[Stored items]
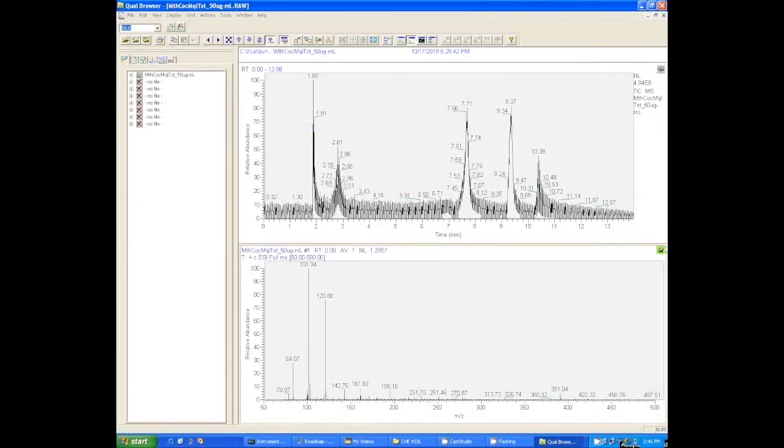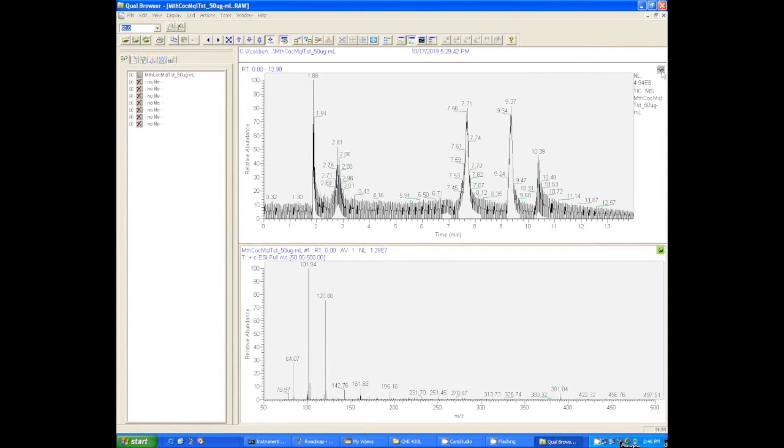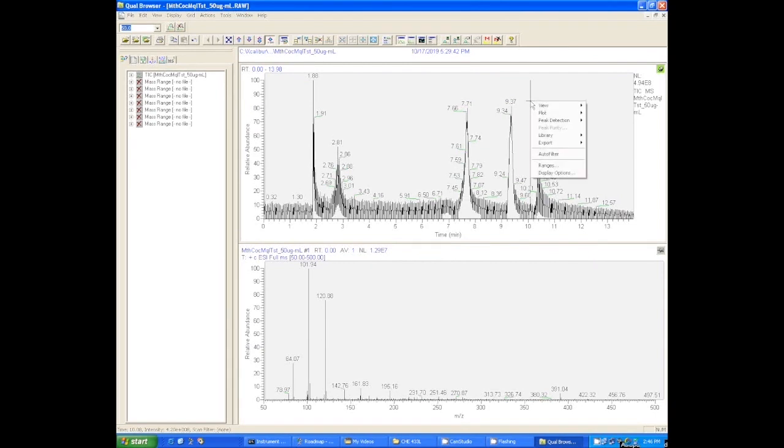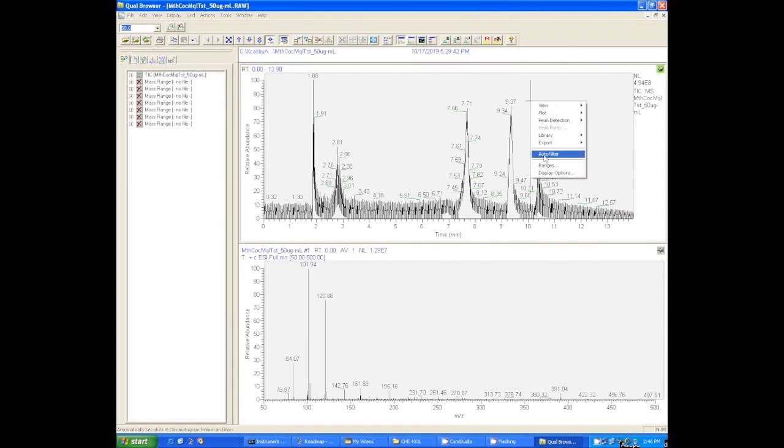Let's look at the data we get from this MS/MS data-dependent run. When you first open it up, it's not going to be very useful because it actually has several pieces of data piled on top of each other. You need to separate these out. The way that you're going to do that is you're going to right-click on the chromatogram and select the auto filter option, and that's going to separate all the different chromatograms that it acquired.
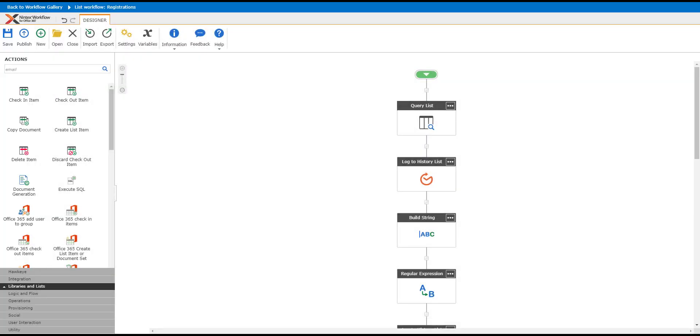The question was how to query your Office 365 list and pull the person field. Essentially, you have List A and List B. When a new event or item comes into List A, you want to query List B, get the approvers, and send them an email.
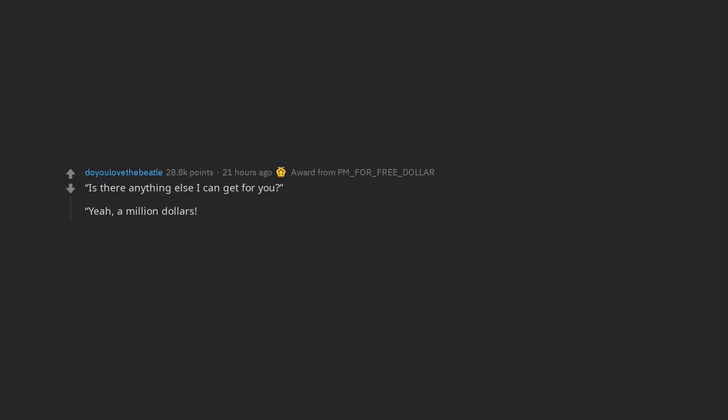Is there anything else I can get for you? Yeah, a million dollars. Ha ha ha yes hilarious, I wish I was dead.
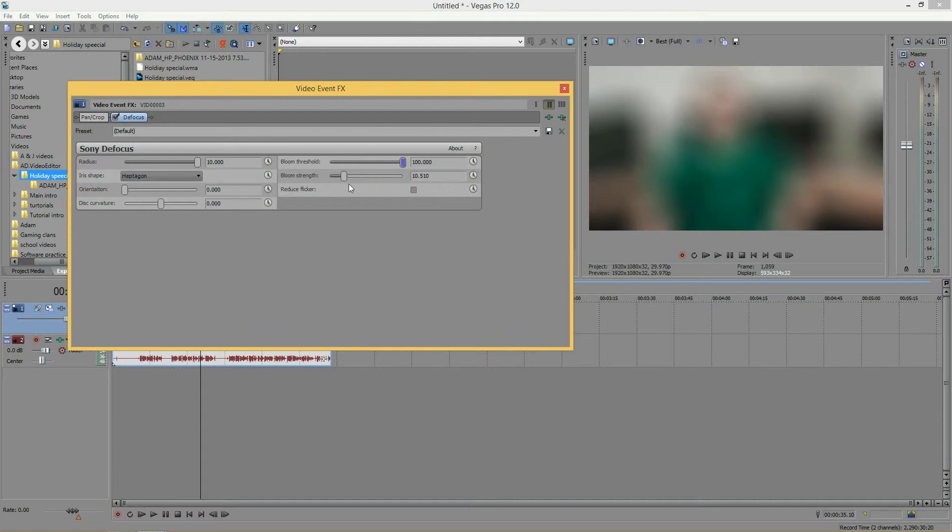And next, we have the bloom strength. And this will just control the intensity of the bloom. Well, here, let me bring this down a little bit.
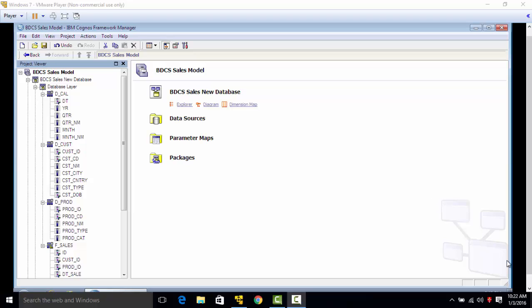Welcome to another video of this series where we implement a live project, showing you steps how to go about implementing a project in Cognos in a real-time scenario. Make sure that you have watched the previous videos in order to fully understand this video.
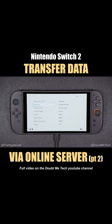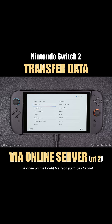This is a part two video on how to retrieve data from your Switch 1 to your new Switch 2 if you transferred your data via the server online on the cloud. This method is for when you won't have your Switch 1 when you get your Switch 2 — for example, if you sell your Switch 1. There's another tutorial on this channel for a local direct transfer, but this is for the online transfer method. I'm going to assume you've already done part one and transferred your data to the server.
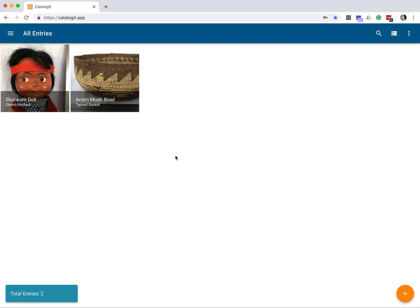In this video, I'll demonstrate the photo editing features of Catalogit, including how to set the image that appears in your thumbnail view. I'm demonstrating this from my computer, but everything I'm doing here you can also do from your smartphone or your tablet.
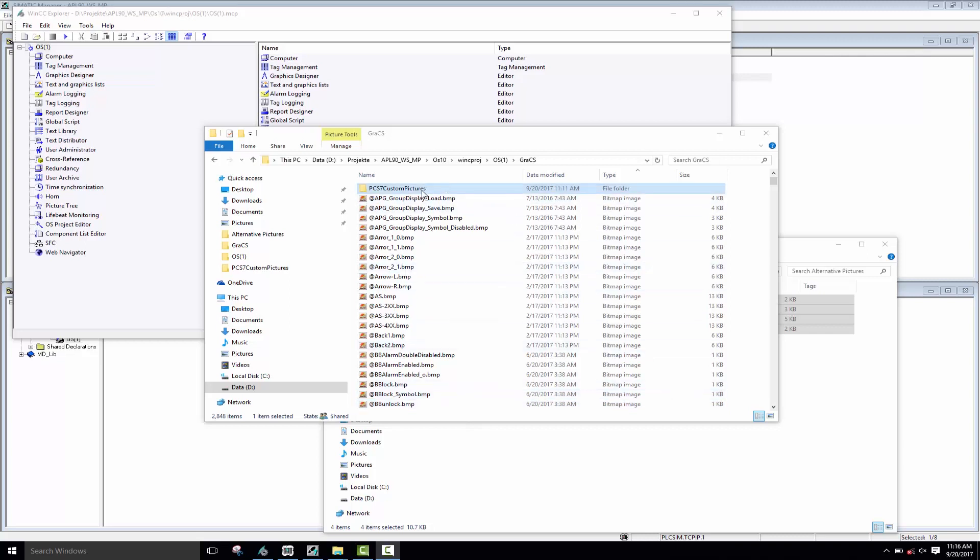All APL block icons reside in the gray CS subdirectory of the OS project. For alternative or modified symbols, these get stored in the PCS7 Custom Pictures folder.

Work instruction
From the records above, output only the lines starting at the one containing "Is there anything" and ending at the one containing "And next, we", word for word. Pictures stay out.

Output
Is there anything else I can get for you? Yeah, a million dollars. Ha ha ha yes hilarious, I wish I was dead.
And next, we have the bloom strength. And this will just control the intensity of the bloom. Well, here, let me bring this down a little bit.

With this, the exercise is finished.